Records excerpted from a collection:
════════

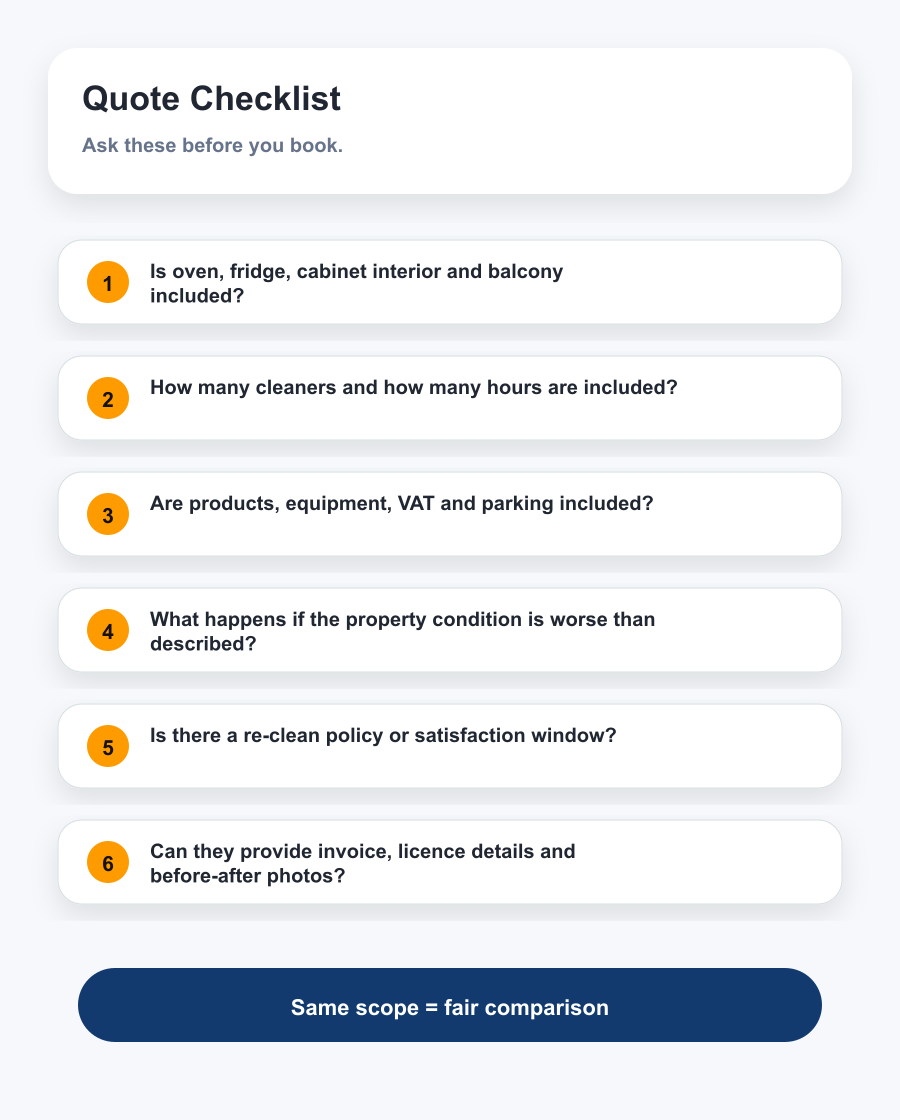 Deep cleaning Dubai quote checklist - VAT scope cleaners hours products re-clean policy licence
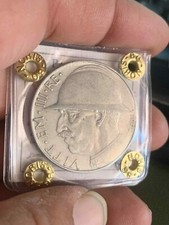 20 LIRE ELMETTO O CAPPELLONE 1928 BB+ PERIZIATO NON COMUNE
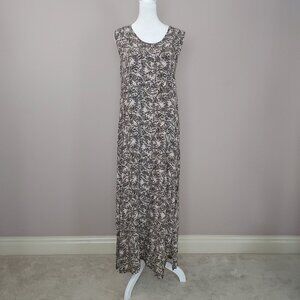 Flax by Jeanne Engelhart Sleeveless Abstract Pattern Midi Dress Size Large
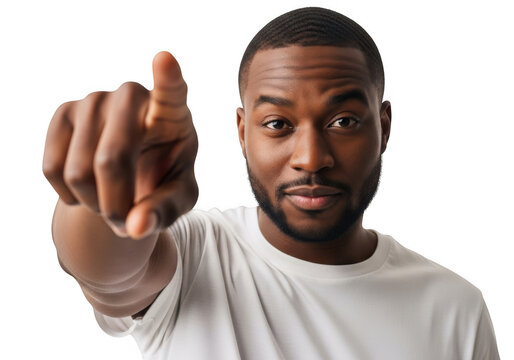 Man pointing finger forward engaging direct eye contact in studio portrait transparent background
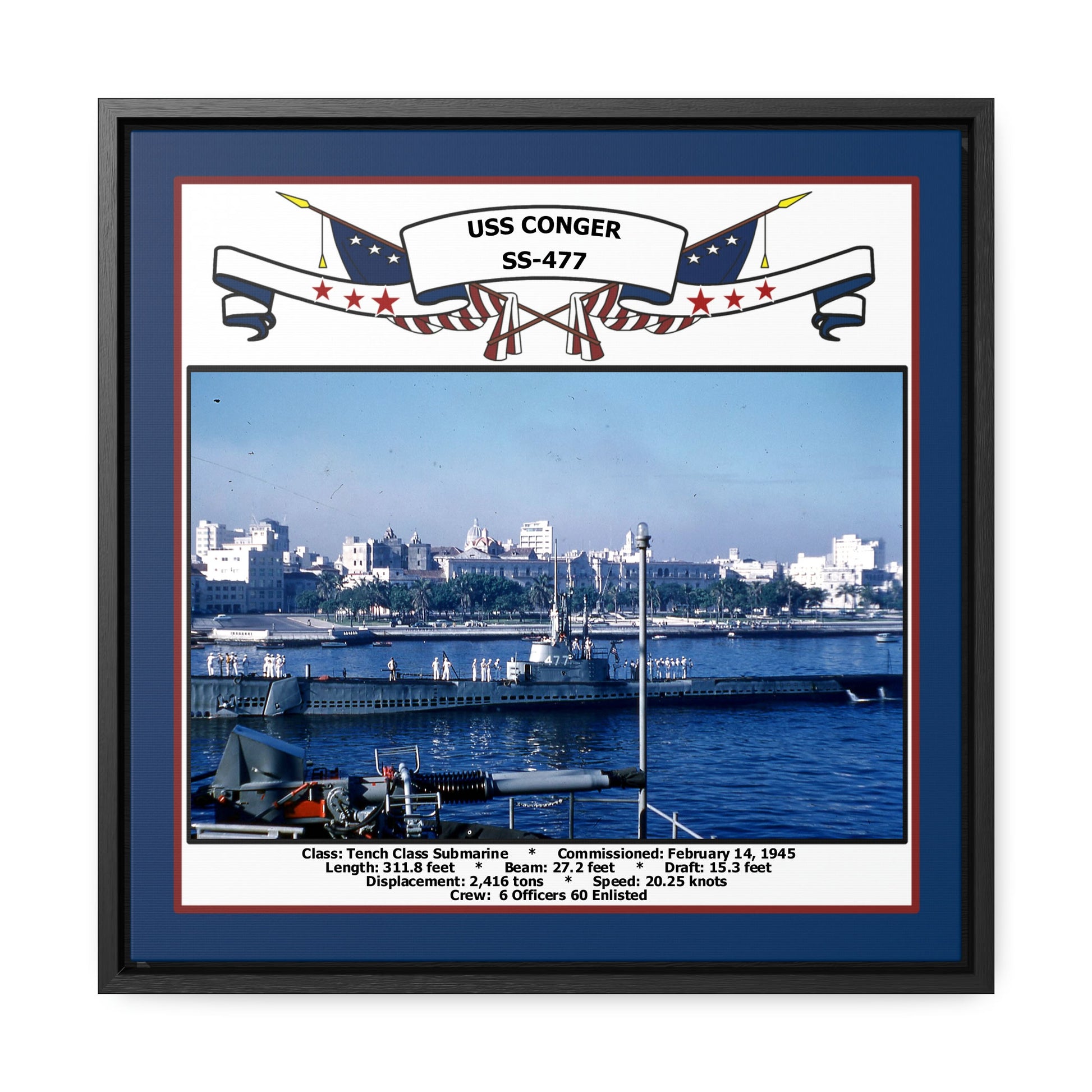 USS Conger SS-477 Navy Floating Frame Photo Front View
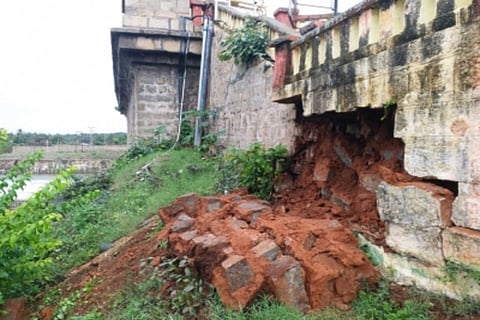 The portion of wall that collapsed at KRS Dam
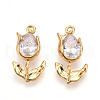 Brass Micro Pave Cubic Zirconia Pendants KK-N262-115B-G-1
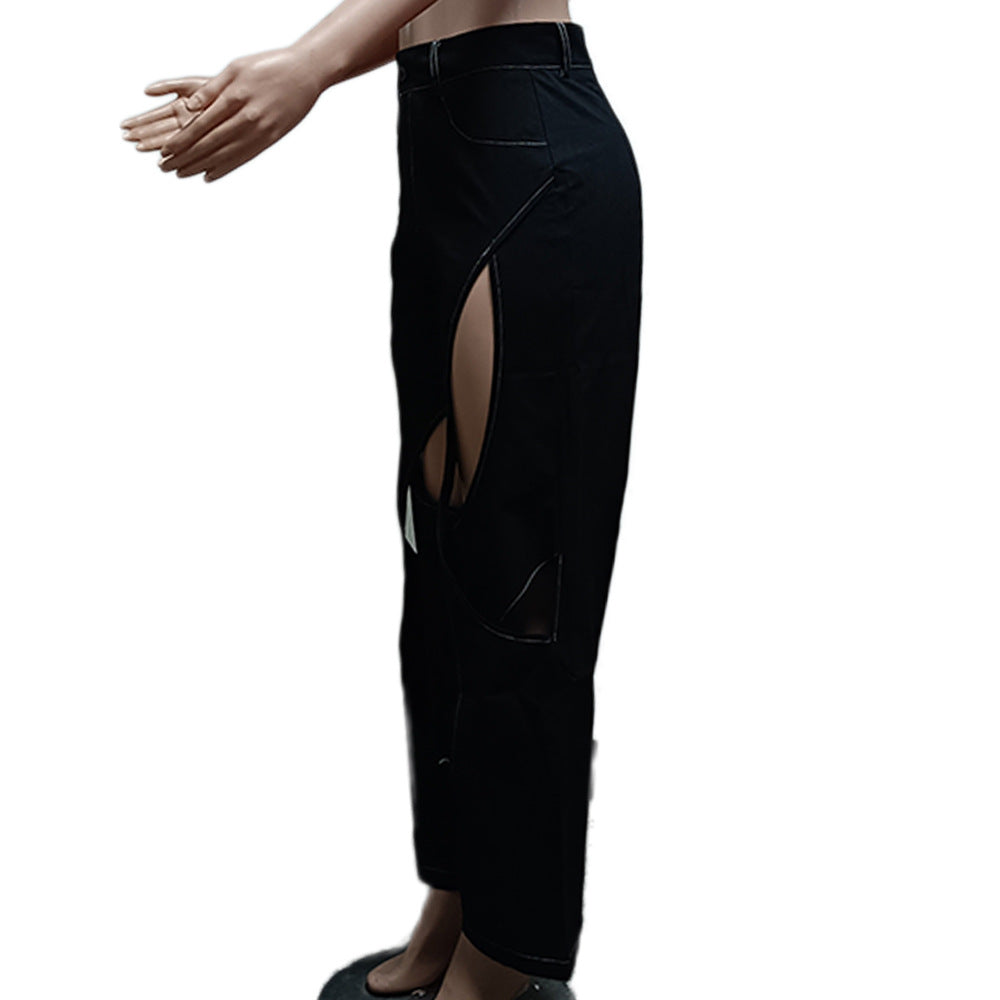 Blue Green Contrast Color Patchwork Wide Leg Trousers for Women High Waist Button Zipper Closure Hollow Out Straight Leg Pants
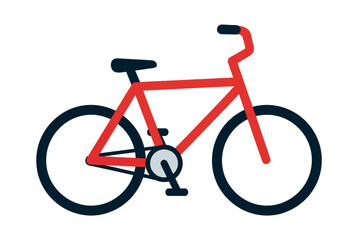 Red bicycle illustration flat design for transportation concept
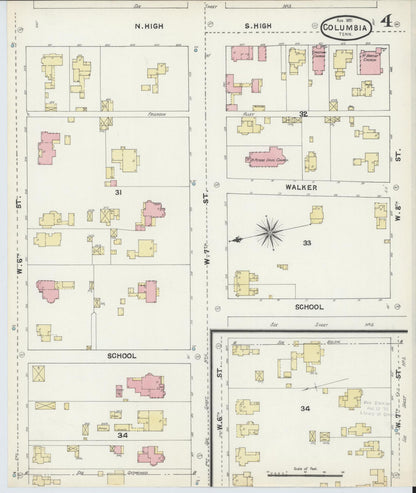 Sanborn Fire Insurance Map from Columbia, Maury County, Tennessee (1891), Sheet #0004 - Complete Map Set gallery image, historic Sanborn map, vintage wall art, Tennessee Tennessee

════════

» **EXERCISE REQUIREMENTS**:
Your answer must be exactly the lines from the one containing "Blue Green Contrast" through the last line of the records above, both included, with every picture left out.

» **THE COMPLETED TASK**:
 Blue Green Contrast Color Patchwork Wide Leg Trousers for Women High Waist Button Zipper Closure Hollow Out Straight Leg Pants
 Red bicycle illustration flat design for transportation concept
 Sanborn Fire Insurance Map from Columbia, Maury County, Tennessee (1891), Sheet #0004 - Complete Map Set gallery image, historic Sanborn map, vintage wall art, Tennessee Tennessee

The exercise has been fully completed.